## Exercise
Below are some entries. Transcribe the lines from the one holding "Pasimax Detroit Diesel" to the one holding "Lab Grown Diamond Double Hoop Earrings", inclusive, but not the pictures among them.

## Data for review
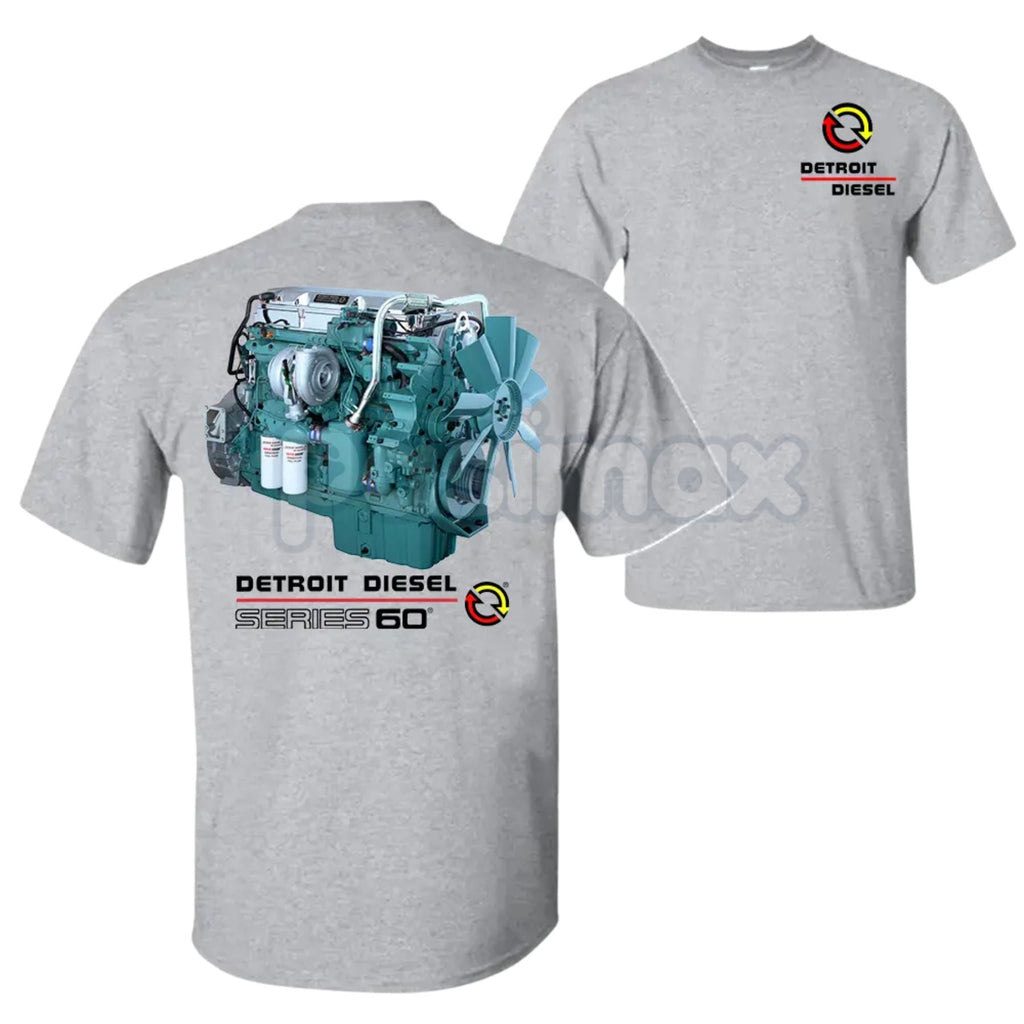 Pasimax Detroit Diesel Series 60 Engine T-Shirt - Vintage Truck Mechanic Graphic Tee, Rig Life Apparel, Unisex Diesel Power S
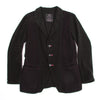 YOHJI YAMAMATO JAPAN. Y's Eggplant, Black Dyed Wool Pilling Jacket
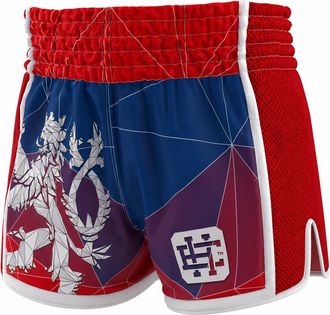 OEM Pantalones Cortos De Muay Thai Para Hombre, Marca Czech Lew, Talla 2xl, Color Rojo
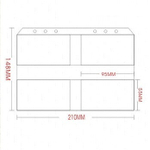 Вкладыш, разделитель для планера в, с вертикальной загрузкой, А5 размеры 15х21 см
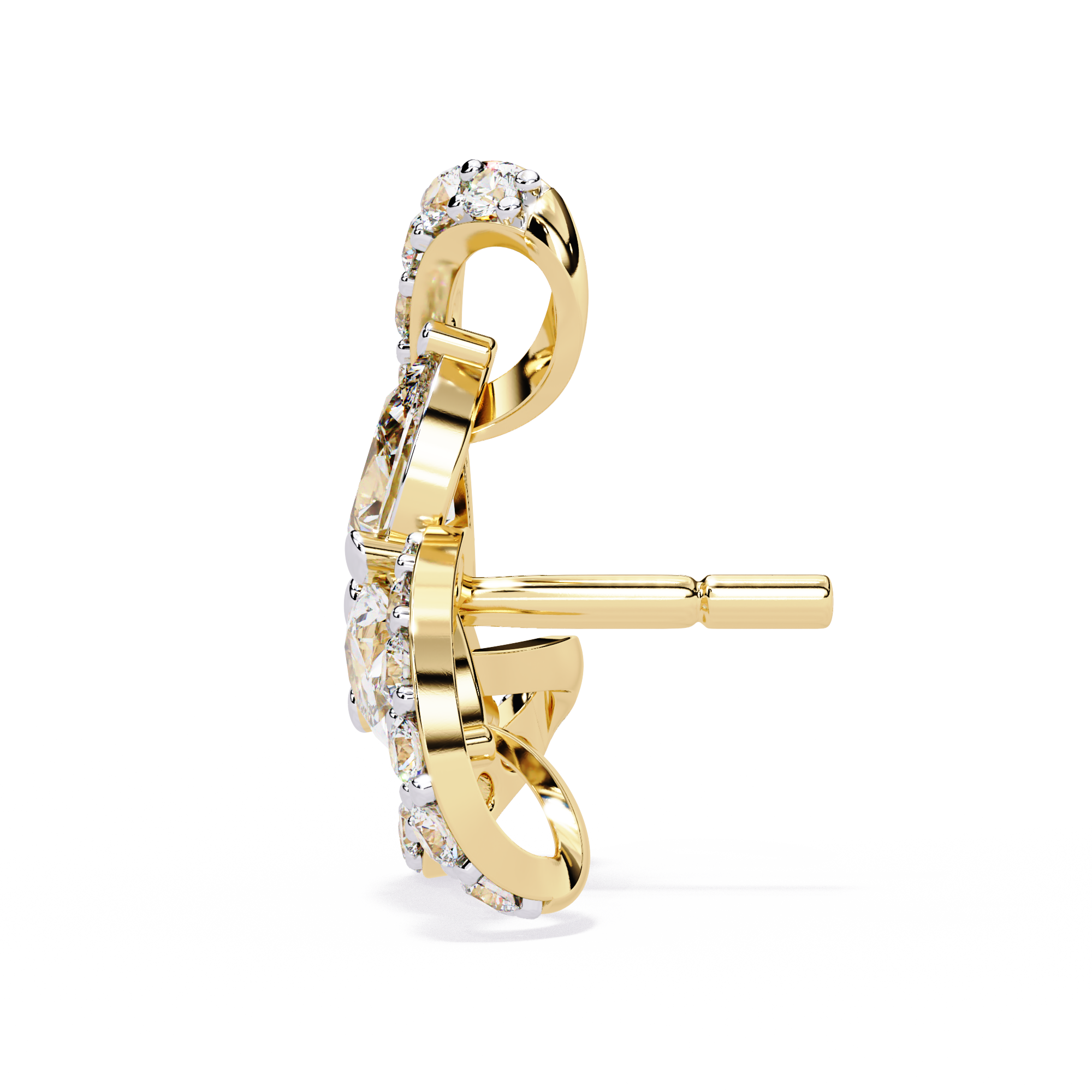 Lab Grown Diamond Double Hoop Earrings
...
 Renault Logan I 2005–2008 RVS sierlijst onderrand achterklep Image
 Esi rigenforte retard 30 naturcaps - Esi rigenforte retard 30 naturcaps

## Answer below
 Pasimax Detroit Diesel Series 60 Engine T-Shirt - Vintage Truck Mechanic Graphic Tee, Rig Life Apparel, Unisex Diesel Power S
 YOHJI YAMAMATO JAPAN. Y's Eggplant, Black Dyed Wool Pilling Jacket
 OEM Pantalones Cortos De Muay Thai Para Hombre, Marca Czech Lew, Talla 2xl, Color Rojo
 Вкладыш, разделитель для планера в, с вертикальной загрузкой, А5 размеры 15х21 см
 Lab Grown Diamond Double Hoop Earrings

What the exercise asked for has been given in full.